■ **What the task requires**
Could you repeat every record below exactly as written?

[Excerpts from a dataset]
+ + +

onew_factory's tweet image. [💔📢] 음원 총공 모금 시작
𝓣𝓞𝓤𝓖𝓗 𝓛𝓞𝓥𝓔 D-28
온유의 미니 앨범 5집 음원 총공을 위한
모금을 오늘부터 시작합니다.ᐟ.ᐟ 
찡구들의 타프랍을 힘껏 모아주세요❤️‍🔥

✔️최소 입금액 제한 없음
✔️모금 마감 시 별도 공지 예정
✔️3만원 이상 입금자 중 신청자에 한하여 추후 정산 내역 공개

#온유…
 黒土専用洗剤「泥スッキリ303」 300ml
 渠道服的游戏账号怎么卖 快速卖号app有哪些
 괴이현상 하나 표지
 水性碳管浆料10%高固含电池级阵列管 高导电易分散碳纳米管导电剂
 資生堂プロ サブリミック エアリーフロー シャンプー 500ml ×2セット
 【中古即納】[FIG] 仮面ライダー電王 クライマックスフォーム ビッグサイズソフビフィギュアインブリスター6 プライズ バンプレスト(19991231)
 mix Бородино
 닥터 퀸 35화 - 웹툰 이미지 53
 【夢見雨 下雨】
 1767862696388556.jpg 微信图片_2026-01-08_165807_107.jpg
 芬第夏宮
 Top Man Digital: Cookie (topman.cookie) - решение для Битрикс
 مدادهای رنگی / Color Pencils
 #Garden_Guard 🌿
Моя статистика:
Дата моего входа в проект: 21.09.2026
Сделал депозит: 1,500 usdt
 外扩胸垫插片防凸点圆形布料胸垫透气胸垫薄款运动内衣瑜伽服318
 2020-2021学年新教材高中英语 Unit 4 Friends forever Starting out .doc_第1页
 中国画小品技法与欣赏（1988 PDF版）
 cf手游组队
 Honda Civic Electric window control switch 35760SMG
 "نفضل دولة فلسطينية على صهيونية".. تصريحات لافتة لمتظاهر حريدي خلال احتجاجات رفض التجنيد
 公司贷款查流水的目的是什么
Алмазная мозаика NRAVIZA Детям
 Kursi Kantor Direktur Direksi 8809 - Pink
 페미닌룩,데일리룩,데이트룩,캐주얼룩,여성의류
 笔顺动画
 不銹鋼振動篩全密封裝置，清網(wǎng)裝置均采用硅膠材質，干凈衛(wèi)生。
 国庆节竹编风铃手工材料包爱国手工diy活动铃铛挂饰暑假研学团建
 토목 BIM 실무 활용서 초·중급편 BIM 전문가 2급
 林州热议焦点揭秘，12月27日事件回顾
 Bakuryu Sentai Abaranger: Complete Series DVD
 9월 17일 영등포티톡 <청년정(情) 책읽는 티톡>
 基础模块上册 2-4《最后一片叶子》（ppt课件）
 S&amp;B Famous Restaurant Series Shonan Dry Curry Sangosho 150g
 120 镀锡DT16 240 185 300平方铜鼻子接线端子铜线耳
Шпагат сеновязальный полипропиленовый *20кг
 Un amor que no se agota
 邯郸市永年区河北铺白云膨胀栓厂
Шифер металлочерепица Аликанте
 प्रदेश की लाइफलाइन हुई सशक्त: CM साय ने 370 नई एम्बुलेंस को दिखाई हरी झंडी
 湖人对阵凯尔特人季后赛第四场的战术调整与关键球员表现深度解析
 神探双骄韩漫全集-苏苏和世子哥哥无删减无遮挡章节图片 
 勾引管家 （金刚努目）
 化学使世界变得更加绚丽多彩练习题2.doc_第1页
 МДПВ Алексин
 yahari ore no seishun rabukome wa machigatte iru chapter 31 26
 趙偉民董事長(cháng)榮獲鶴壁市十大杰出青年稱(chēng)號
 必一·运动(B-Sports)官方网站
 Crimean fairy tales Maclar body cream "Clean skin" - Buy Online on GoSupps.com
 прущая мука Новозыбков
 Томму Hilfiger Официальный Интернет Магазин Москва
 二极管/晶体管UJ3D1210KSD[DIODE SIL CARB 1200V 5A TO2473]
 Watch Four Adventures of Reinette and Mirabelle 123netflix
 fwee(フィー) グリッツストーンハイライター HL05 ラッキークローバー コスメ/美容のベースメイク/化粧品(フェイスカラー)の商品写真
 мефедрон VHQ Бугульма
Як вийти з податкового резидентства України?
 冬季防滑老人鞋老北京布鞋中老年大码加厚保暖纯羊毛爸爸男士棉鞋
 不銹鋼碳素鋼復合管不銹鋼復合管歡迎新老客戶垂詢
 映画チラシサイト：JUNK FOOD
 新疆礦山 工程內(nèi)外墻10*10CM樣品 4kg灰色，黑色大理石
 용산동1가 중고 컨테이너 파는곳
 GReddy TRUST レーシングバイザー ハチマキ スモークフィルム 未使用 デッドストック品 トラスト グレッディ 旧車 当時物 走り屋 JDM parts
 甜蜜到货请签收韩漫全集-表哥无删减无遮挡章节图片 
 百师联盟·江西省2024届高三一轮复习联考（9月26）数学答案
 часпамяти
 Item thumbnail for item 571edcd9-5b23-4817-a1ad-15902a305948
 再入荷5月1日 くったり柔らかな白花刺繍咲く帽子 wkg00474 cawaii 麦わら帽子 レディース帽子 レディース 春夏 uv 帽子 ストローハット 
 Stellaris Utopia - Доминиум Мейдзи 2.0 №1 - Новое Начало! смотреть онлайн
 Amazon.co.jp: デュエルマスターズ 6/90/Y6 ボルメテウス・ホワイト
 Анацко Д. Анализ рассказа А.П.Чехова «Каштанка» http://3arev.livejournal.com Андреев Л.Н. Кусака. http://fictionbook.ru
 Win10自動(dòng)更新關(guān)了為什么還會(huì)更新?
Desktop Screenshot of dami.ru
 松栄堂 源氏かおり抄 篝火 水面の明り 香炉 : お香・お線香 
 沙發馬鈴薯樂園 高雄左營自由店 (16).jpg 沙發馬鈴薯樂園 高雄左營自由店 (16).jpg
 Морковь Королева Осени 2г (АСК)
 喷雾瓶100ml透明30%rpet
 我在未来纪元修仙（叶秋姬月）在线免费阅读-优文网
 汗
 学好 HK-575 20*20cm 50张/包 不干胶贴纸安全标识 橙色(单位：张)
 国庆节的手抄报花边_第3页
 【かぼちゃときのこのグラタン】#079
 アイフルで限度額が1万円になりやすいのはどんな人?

+ + +

■ **Worked solution**
onew_factory's tweet image. [💔📢] 음원 총공 모금 시작
𝓣𝓞𝓤𝓖𝓗 𝓛𝓞𝓥𝓔 D-28
온유의 미니 앨범 5집 음원 총공을 위한
모금을 오늘부터 시작합니다.ᐟ.ᐟ 
찡구들의 타프랍을 힘껏 모아주세요❤️‍🔥

✔️최소 입금액 제한 없음
✔️모금 마감 시 별도 공지 예정
✔️3만원 이상 입금자 중 신청자에 한하여 추후 정산 내역 공개

#온유…
 黒土専用洗剤「泥スッキリ303」 300ml
 渠道服的游戏账号怎么卖 快速卖号app有哪些
 괴이현상 하나 표지
 水性碳管浆料10%高固含电池级阵列管 高导电易分散碳纳米管导电剂
 資生堂プロ サブリミック エアリーフロー シャンプー 500ml ×2セット
 【中古即納】[FIG] 仮面ライダー電王 クライマックスフォーム ビッグサイズソフビフィギュアインブリスター6 プライズ バンプレスト(19991231)
 mix Бородино
 닥터 퀸 35화 - 웹툰 이미지 53
 【夢見雨 下雨】
 1767862696388556.jpg 微信图片_2026-01-08_165807_107.jpg
 芬第夏宮
 Top Man Digital: Cookie (topman.cookie) - решение для Битрикс
 مدادهای رنگی / Color Pencils
 #Garden_Guard 🌿
Моя статистика:
Дата моего входа в проект: 21.09.2026
Сделал депозит: 1,500 usdt
 外扩胸垫插片防凸点圆形布料胸垫透气胸垫薄款运动内衣瑜伽服318
 2020-2021学年新教材高中英语 Unit 4 Friends forever Starting out .doc_第1页
 中国画小品技法与欣赏（1988 PDF版）
 cf手游组队
 Honda Civic Electric window control switch 35760SMG
 "نفضل دولة فلسطينية على صهيونية".. تصريحات لافتة لمتظاهر حريدي خلال احتجاجات رفض التجنيد
 公司贷款查流水的目的是什么
Алмазная мозаика NRAVIZA Детям
 Kursi Kantor Direktur Direksi 8809 - Pink
 페미닌룩,데일리룩,데이트룩,캐주얼룩,여성의류
 笔顺动画
 不銹鋼振動篩全密封裝置，清網(wǎng)裝置均采用硅膠材質，干凈衛(wèi)生。
 国庆节竹编风铃手工材料包爱国手工diy活动铃铛挂饰暑假研学团建
 토목 BIM 실무 활용서 초·중급편 BIM 전문가 2급
 林州热议焦点揭秘，12月27日事件回顾
 Bakuryu Sentai Abaranger: Complete Series DVD
 9월 17일 영등포티톡 <청년정(情) 책읽는 티톡>
 基础模块上册 2-4《最后一片叶子》（ppt课件）
 S&amp;B Famous Restaurant Series Shonan Dry Curry Sangosho 150g
 120 镀锡DT16 240 185 300平方铜鼻子接线端子铜线耳
Шпагат сеновязальный полипропиленовый *20кг
 Un amor que no se agota
 邯郸市永年区河北铺白云膨胀栓厂
Шифер металлочерепица Аликанте
 प्रदेश की लाइफलाइन हुई सशक्त: CM साय ने 370 नई एम्बुलेंस को दिखाई हरी झंडी
 湖人对阵凯尔特人季后赛第四场的战术调整与关键球员表现深度解析
 神探双骄韩漫全集-苏苏和世子哥哥无删减无遮挡章节图片 
 勾引管家 （金刚努目）
 化学使世界变得更加绚丽多彩练习题2.doc_第1页
 МДПВ Алексин
 yahari ore no seishun rabukome wa machigatte iru chapter 31 26
 趙偉民董事長(cháng)榮獲鶴壁市十大杰出青年稱(chēng)號
 必一·运动(B-Sports)官方网站
 Crimean fairy tales Maclar body cream "Clean skin" - Buy Online on GoSupps.com
 прущая мука Новозыбков
 Томму Hilfiger Официальный Интернет Магазин Москва
 二极管/晶体管UJ3D1210KSD[DIODE SIL CARB 1200V 5A TO2473]
 Watch Four Adventures of Reinette and Mirabelle 123netflix
 fwee(フィー) グリッツストーンハイライター HL05 ラッキークローバー コスメ/美容のベースメイク/化粧品(フェイスカラー)の商品写真
 мефедрон VHQ Бугульма
Як вийти з податкового резидентства України?
 冬季防滑老人鞋老北京布鞋中老年大码加厚保暖纯羊毛爸爸男士棉鞋
 不銹鋼碳素鋼復合管不銹鋼復合管歡迎新老客戶垂詢
 映画チラシサイト：JUNK FOOD
 新疆礦山 工程內(nèi)外墻10*10CM樣品 4kg灰色，黑色大理石
 용산동1가 중고 컨테이너 파는곳
 GReddy TRUST レーシングバイザー ハチマキ スモークフィルム 未使用 デッドストック品 トラスト グレッディ 旧車 当時物 走り屋 JDM parts
 甜蜜到货请签收韩漫全集-表哥无删减无遮挡章节图片 
 百师联盟·江西省2024届高三一轮复习联考（9月26）数学答案
 часпамяти
 Item thumbnail for item 571edcd9-5b23-4817-a1ad-15902a305948
 再入荷5月1日 くったり柔らかな白花刺繍咲く帽子 wkg00474 cawaii 麦わら帽子 レディース帽子 レディース 春夏 uv 帽子 ストローハット 
 Stellaris Utopia - Доминиум Мейдзи 2.0 №1 - Новое Начало! смотреть онлайн
 Amazon.co.jp: デュエルマスターズ 6/90/Y6 ボルメテウス・ホワイト
 Анацко Д. Анализ рассказа А.П.Чехова «Каштанка» http://3arev.livejournal.com Андреев Л.Н. Кусака. http://fictionbook.ru
 Win10自動(dòng)更新關(guān)了為什么還會(huì)更新?
Desktop Screenshot of dami.ru
 松栄堂 源氏かおり抄 篝火 水面の明り 香炉 : お香・お線香 
 沙發馬鈴薯樂園 高雄左營自由店 (16).jpg 沙發馬鈴薯樂園 高雄左營自由店 (16).jpg
 Морковь Королева Осени 2г (АСК)
 喷雾瓶100ml透明30%rpet
 我在未来纪元修仙（叶秋姬月）在线免费阅读-优文网
 汗
 学好 HK-575 20*20cm 50张/包 不干胶贴纸安全标识 橙色(单位：张)
 国庆节的手抄报花边_第3页
 【かぼちゃときのこのグラタン】#079
 アイフルで限度額が1万円になりやすいのはどんな人?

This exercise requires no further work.